From mboxrd@z Thu Jan  1 00:00:00 1970
Received: from vultr.musolino.id.au ([45.76.123.158]) by ewsd; Fri Aug 21 11:41:05 EDT 2020
Received: from 58.170.204.252 ([58.170.204.252]) by vultr; Sat Aug 22 01:40:29 EST 2020
Message-ID: <65DEAD1E639AB624F6FBBC11D8EEDD17@musolino.id.au>
To: 9front@9front.org
Subject: Kernel memory leak
From: Alex Musolino <alex@musolino.id.au>
Date: Sat, 22 Aug 2020 01:10:27 +0930
MIME-Version: 1.0
Content-Type: text/plain; charset="US-ASCII"
Content-Transfer-Encoding: 7bit
List-ID: <9front.9front.org>
List-Help: <http://lists.9front.org>
X-Glyph: ➈
X-Bullshit: ACPI event scripting shader full-stack locator 

Hi all,

As has been mentioned on #cat-v, some of us have known for a while now
that there is a memory leak in the 9front kernel.  Each month or so my
vultr VPS needs a reboot because it has run out of kernel memory.
Usually I reboot it just before this happens to minimise downtime.
Anyway, this week I finally tracked it down and now have a fix.

I noticed some time ago that there were small step changes in the
amount of kernel memory being used every minute, pretty well exactly.
Eventually I realised that there was a cron job running every minute;
disabling the cron job stopped the leak.

After some investigation I found that the following sequence is enough
to trigger the bug:

	@{rfork n; mount -a '#s/boot' /mnt/root; bind /mnt/root /}

This is more or less what cron(8) does when it runs a job in a new
namespace (see the first 2 line of /lib/namespace).  Each invocation
will leak one Mhead object, one Chan object, and some Path objects.
You can verify this yourself with kmem(1).

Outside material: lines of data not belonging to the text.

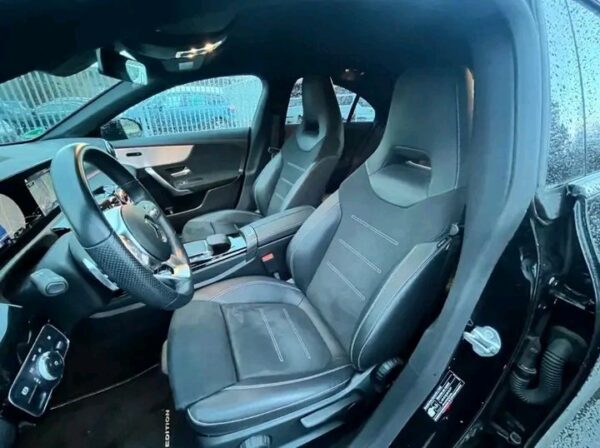 Mercedes-Benz CLA 200 Edition 2020 AMG Line - Image 10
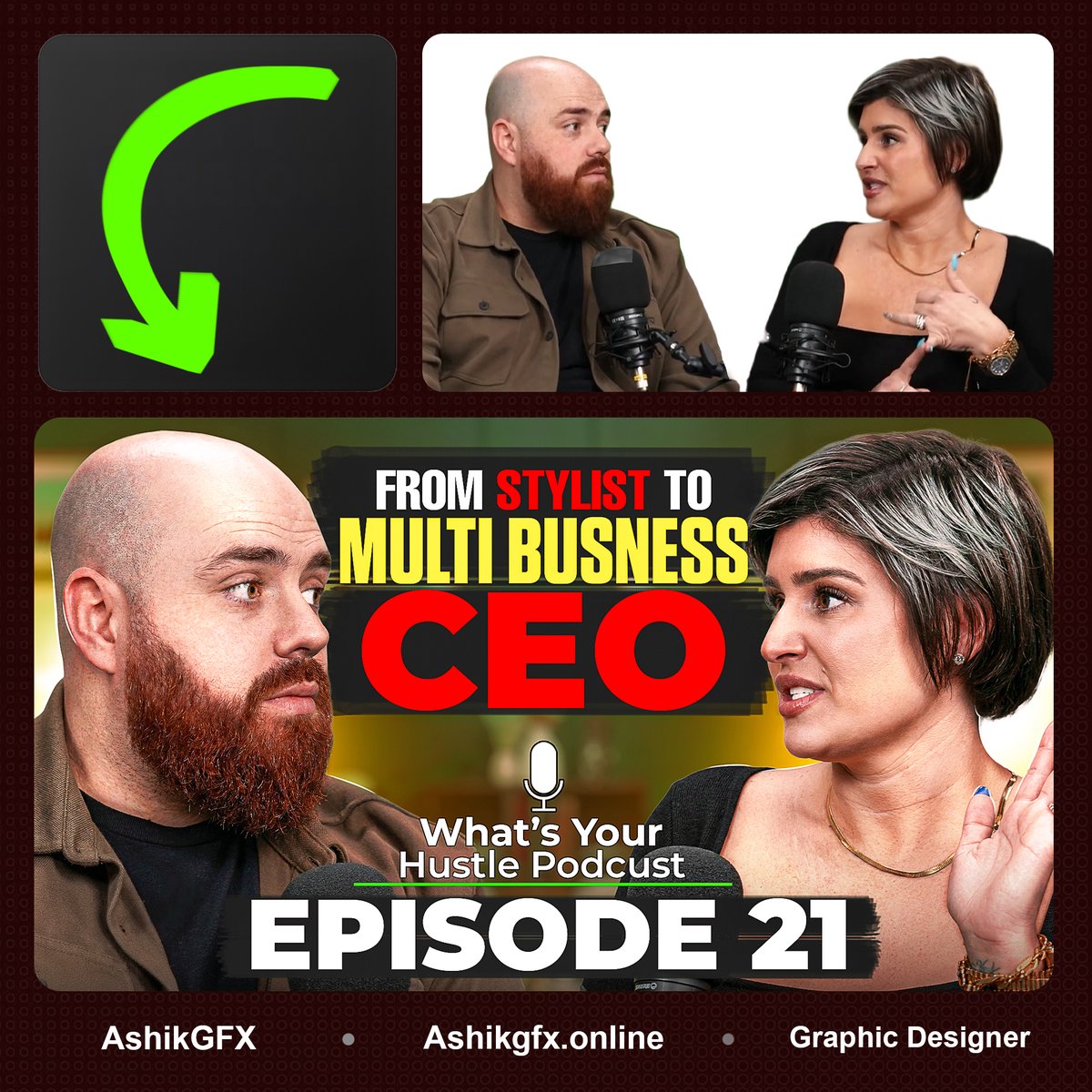 Ashik | Thumbnail Designer tweet media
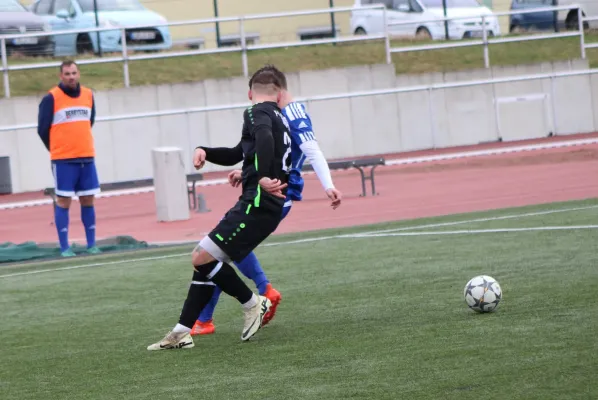 16.03.2024 VfR Bad Lobenstein II vs. FC Chemie Triptis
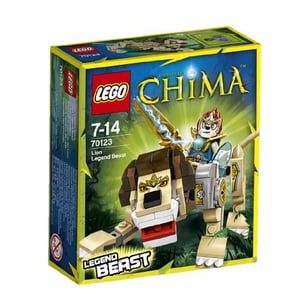 Lego 70123 Chima León Leyenda Bestia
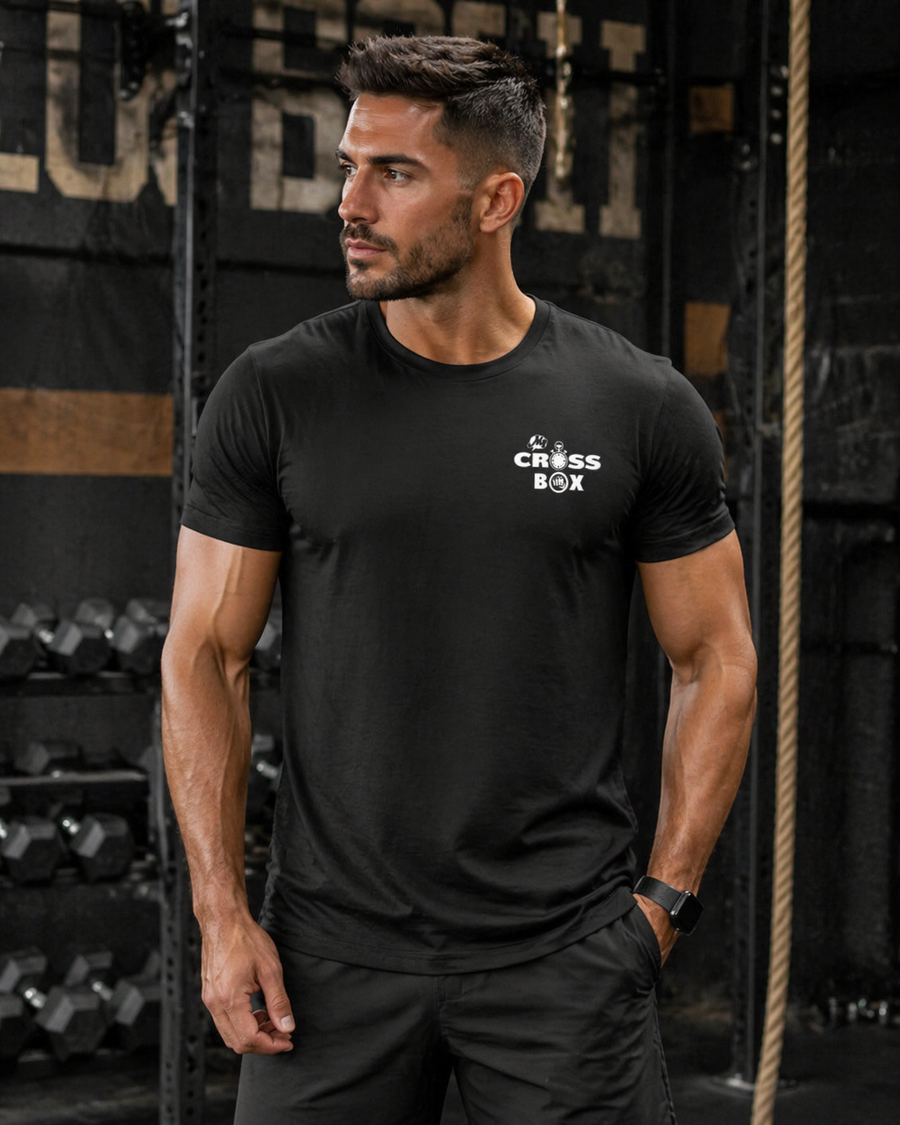 T-Shirt Homme - Mycrossbox Basic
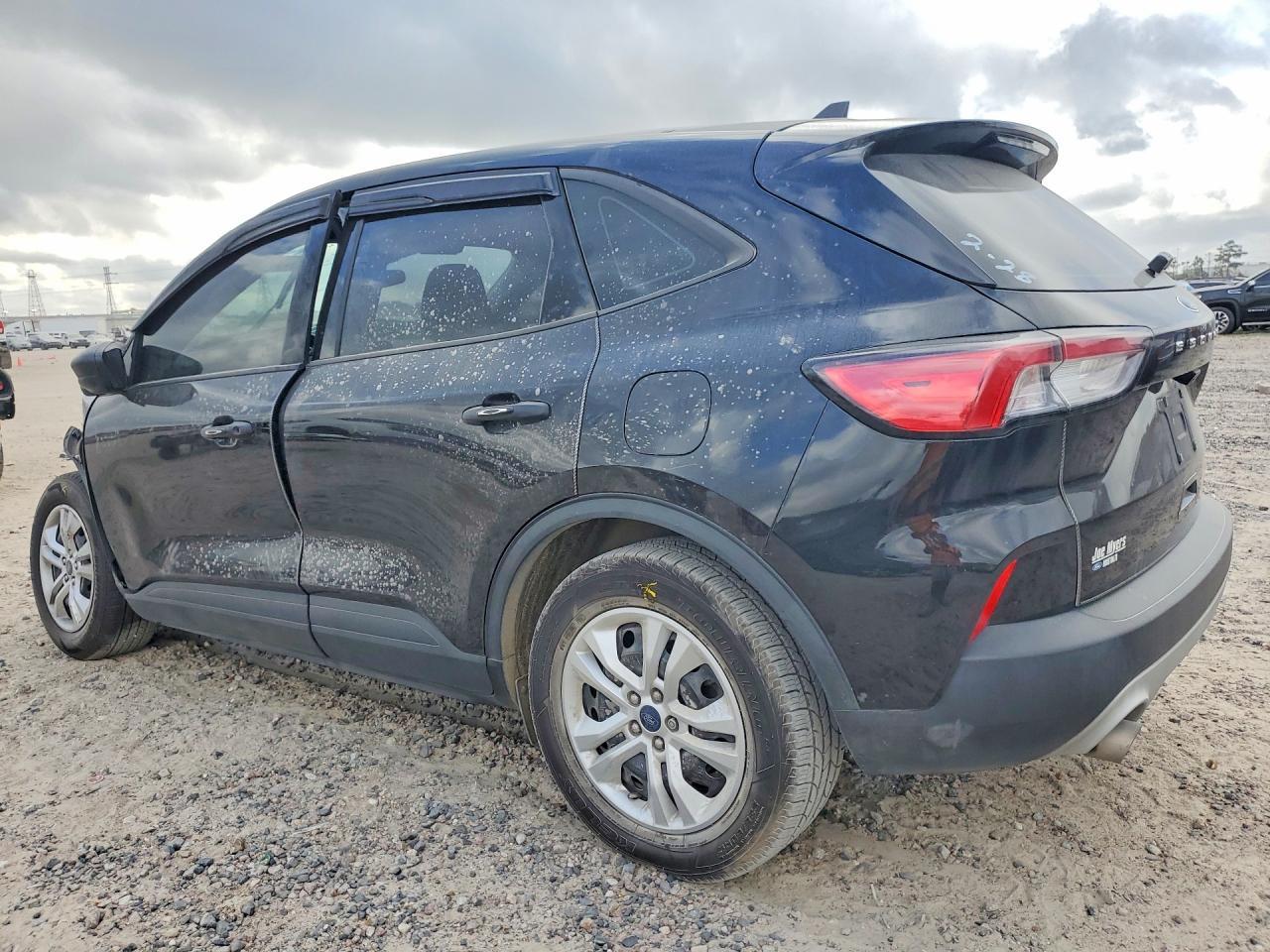 2021 FORD ESCAPE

Here's what happens.  The initial mount triggers a special case in
namec which causes an Mhead to be allocated for the old Chan object
along with a Mount referencing the same Chan:

	if(m == nil){
		/*
		 *  nothing mounted here yet.  create a mount
		 *  head and add to the hash table.
		 */
		m = newmhead(old);
		*l = m;

		/*
		 *  if this is a union mount, add the old
		 *  node to the mount chain.
		 */
		if(order != MREPL)
			m->mount = newmount(old, 0, nil);
	}

Both newmhead and newmount bump the refcount of the old Chan.  This is
fine until the subsequent bind(2) where the original Chan is updated to
point back to the Mhead (see the Abind case in namec) and the refcount
of the Mhead object is incremented.  Now we have cycle and neither the
Mhead nor the Chan can or will be freed.

My fix (below) changes findmount to allocate a new Chan object if it
would otherwise create a cycle.  I've done only light testing but the
leak is gone and there don't seem to be any other ill effects.

Thoughts?

diff -r ec3da4e6c943 sys/src/9/port/chan.c
--- a/sys/src/9/port/chan.c	Fri Aug 21 10:06:22 2020 +0930
+++ b/sys/src/9/port/chan.c	Sat Aug 22 00:46:08 2020 +0930
@@ -864,6 +864,8 @@
 			}
 			if(*cp != nil)
 				cclose(*cp);
+			if(to == m->from)
+				to = cunique(to);
 			*cp = to;
 			return 1;
 		}

--
Cheers,
Alex Musolino